EXERCISE: Take the line that contains "a view of a room with wooden floor and fence" as the start and the last line of the entries as the end, and print both and everything between them exactly, without the pictures.

PROVIDED RECORDS:
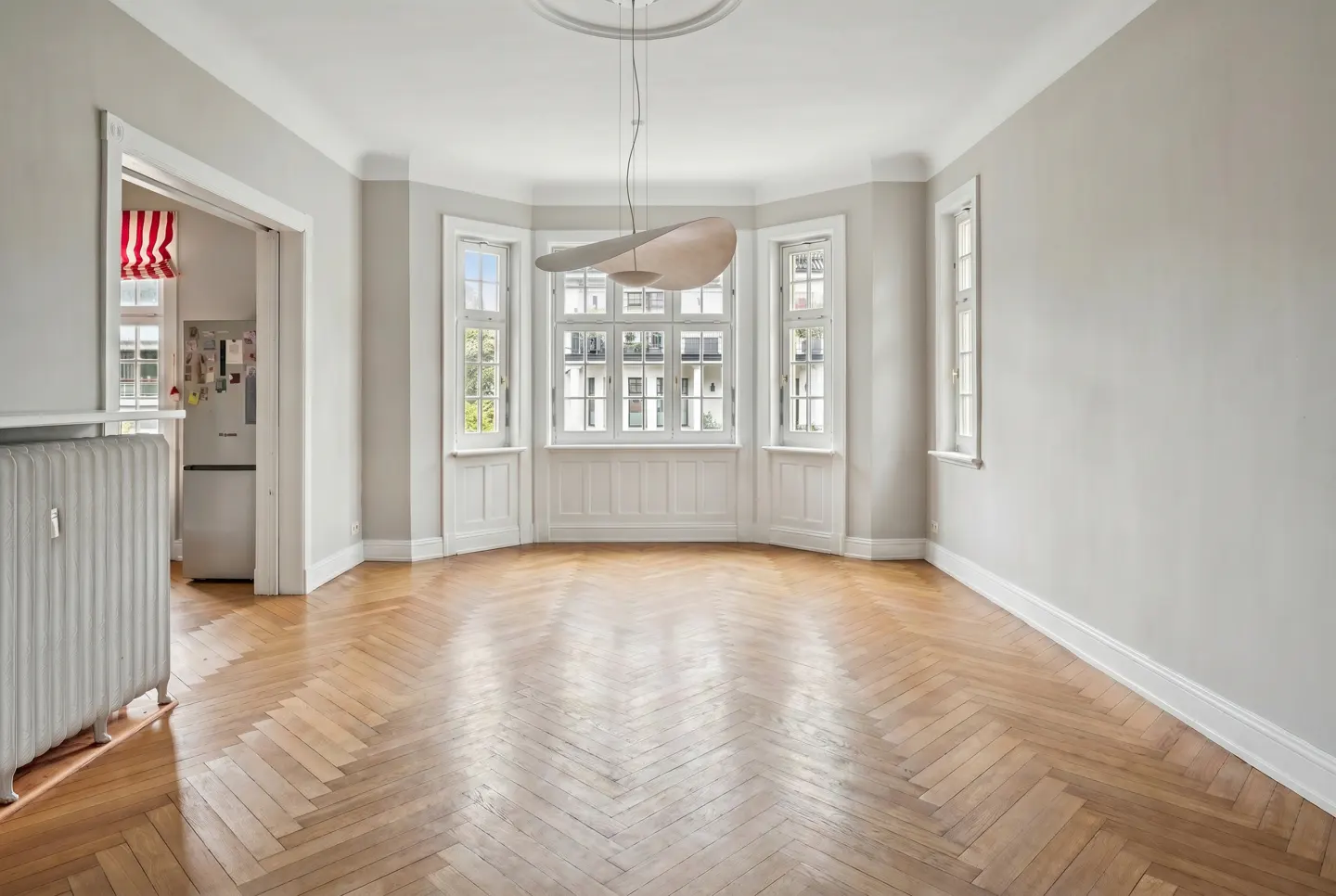 Bright, empty room with herringbone wood floors, gray walls, and white trim. A modern light fixture hangs from the ceiling. Windows offer a view of buildings.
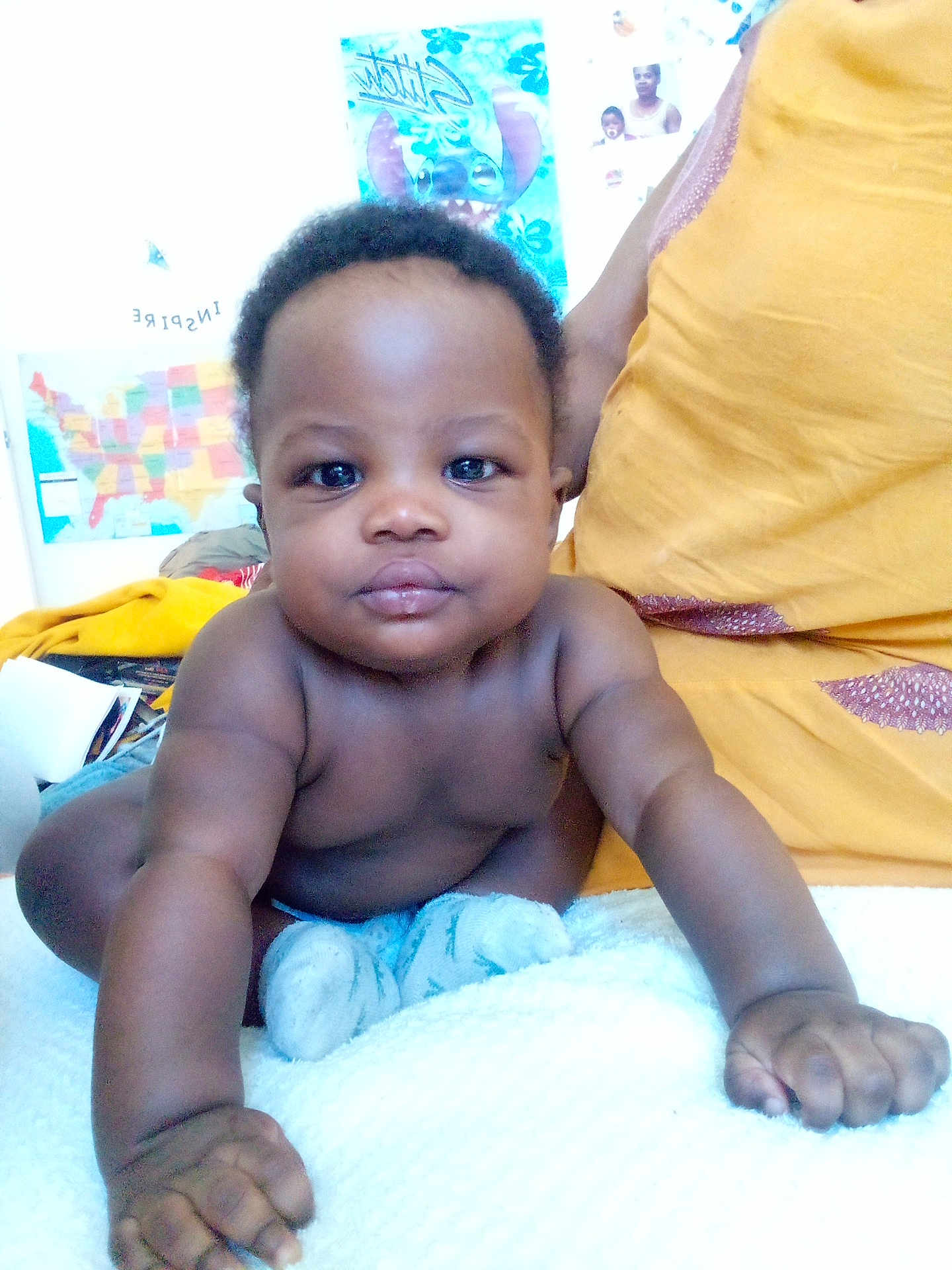 Moses is registered to the contest to win money with this photo: baby, child, infant, crawling, curious, skin, hand, footwear, blanket, adult, dress, indoor, poster, map, colorful, person, room, closeup, face, expression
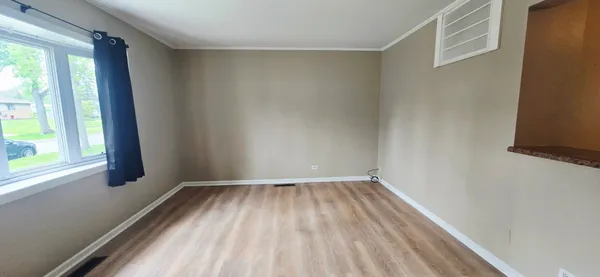 a view of a room with wooden floor and fence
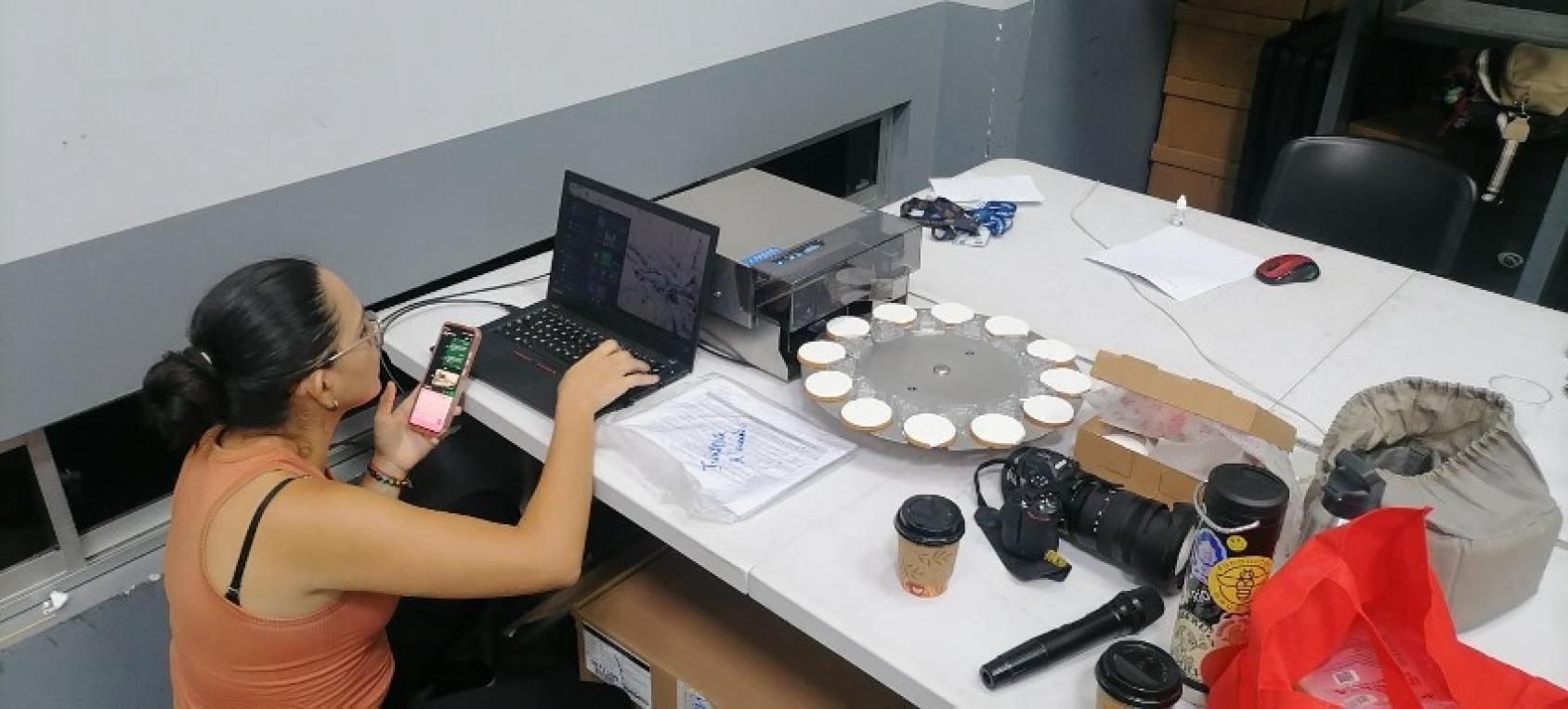 A woman working on a 3d printer in a room.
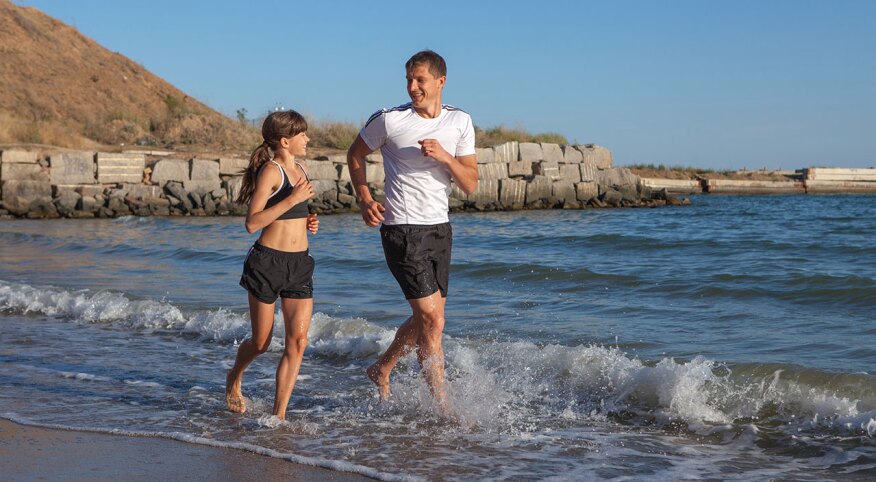Father and daughter running along the seashore.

TASK RESULT:
 a view of a room with wooden floor and fence
 A woman working on a 3d printer in a room.
Father and daughter running along the seashore.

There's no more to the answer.